Он дважды дернул головой, словно лошадь в упряжке, развернулся и поковылял к двери и дальше в прихожую. Я сидел и наблюдал за ним, но так и не вышел, чтобы помочь ему одеться. Мы слышали, как он шаркает там, пытаясь сохранить равновесие, пока надевал пальто. Затем входная дверь открылась и закрылась.
Вулф вздохнул:
– Подними шкатулку, Арчи. Убери. Поразительно, какой эффект способен произвести на душевную болезнь небольшой литературный и финансовый успех.
Он позвонил, чтобы Фриц принес пиво.
Глава 15
Тем утром на улицу я так и не вышел. Вулф разговорился.
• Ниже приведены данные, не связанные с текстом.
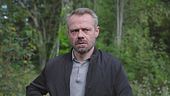 Erik viene aggredito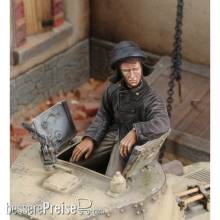 Royal Model RM546 - M13/40 Tanker-WWII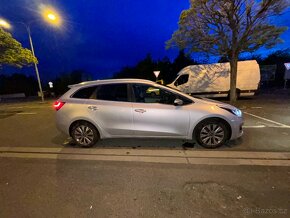 Kia Ceed 1.6Crdi 100kW NAVI - 6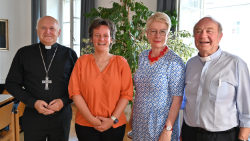 Organisationsteam für europäischen Synoden-Workshop in Linz - v.l.: Bischof Ladislav Nemet (Belgrad, CCEE-Vizepräsident), Klara Csiszar, Myriam Wijlens, Christoph Theobald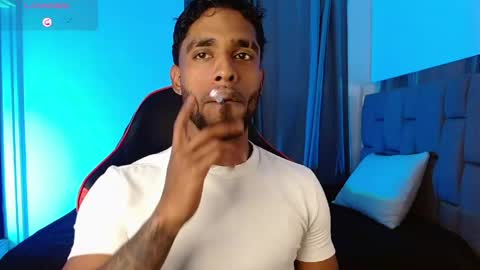 Snapshot of damiano_walker chatting on June 2026 04:05:01 AM damiano_walker online show from June 2026 04:05:01 AM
Откинувшись на спинку кресла и сцепив пальцы на животе, по большей части с закрытыми глазами, он оказал мне честь одной из своих неспешных и нескончаемых речей, темой которой на этот раз была, как он это называл, бравада души. Он поведал, что существует два обособленных вида бравады: один имеет целью произвести впечатление на внешних зрителей, другой предназначен исключительно для внутренней публики. Последняя и является бравадой души. Это спектакль, поставленный той или иной чертой эго, чтобы произвести сенсацию среди прочих черт. Ну и так далее. Но мне все-таки удалось до часу дня отпечатать копию первого предупреждения на рухляди из клуба «Гарвард» и изучить ее под увеличительным стеклом. Это была она. Чапин печатал свои стихотворения о дружбе именно на этой машинке.
После ланча я отправился на «родстере» на поиски Хиббарда. От парней, включая и Сола Пензера, поступили обычные отчеты: ничего. Без четверти час Фред Даркин, не переставая гоготать, рассказал по телефону, как они с коллегами устроили шикарную процессию, следуя за Полом Чапином до дома Ниро Вулфа, и спрятались за углом, на Десятой авеню, ожидая новости о кончине Вулфа. Потом они снова проследили за Чапином обратно до дому.
У меня было столько же шансов найти Хиббарда, сколько и получить любовную записку от Греты Гарбо. Однако я все равно продолжал разнюхивать. Конечно же, я созванивался с его племянницей Эвелин дважды в день, хотя и не ожидал получить какую-либо информацию. Появись у Эвелин новости, она непременно дала бы нам знать. Однако она была моим клиентом, а своим клиентам необходимо постоянно напоминать, что занимаешься работой. По телефону в ее голосе слышались нотки усталости, и хотя у меня не было никакого желания встряхнуть Эвелин, все же несколько раз я попытался сделать это.
Среди прочих хилых ударов, что я нанес днем в ту пятницу, был визит в брокерскую контору Фердинанда Боуэна. Хиббард имел счет в «Гэлбрейт энд Боуэн», относительно активно забавлявшейся с облигациями, однако без особых спекуляций. Я не питал больших надежд, но думал, что получить наводку у Боуэна реальнее, чем у остальных членов лиги, к которым я наведывался. Я вошел в контору на двадцатом этаже одного из зданий на Уолл-стрит, размышляя, что, наверное, стоит посоветовать Вулфу увеличить вклад Боуэна в общий котел, что бы там ни говорил его банковский отчет. Аренда этого помещения, занимавшего целый этаж, стоила черт знает сколько, а обстановка создавала впечатление, что в качестве стенографистки они наняли бы как минимум герцогиню.
Меня отвели в личный кабинет Боуэна. Он был огромным, как танцевальный зал, а ковры и вовсе хотелось обойти стороной. Боуэн сидел за шикарным темно-коричневым столом, на котором не было ничего, кроме «Уолл-стрит джорнал» и пепельницы. Он курил длинную толстую сигарету, над которой вился душистый дымок, пахнувший, словно турецкая проститутка, – по крайней мере, мне так показалось, хотя я никогда даже близко не оказывался рядом с ними. Этот парень мне не нравился. Будь у меня выбор повесить убийство на него или Пола Чапина, мне пришлось бы бросать монетку.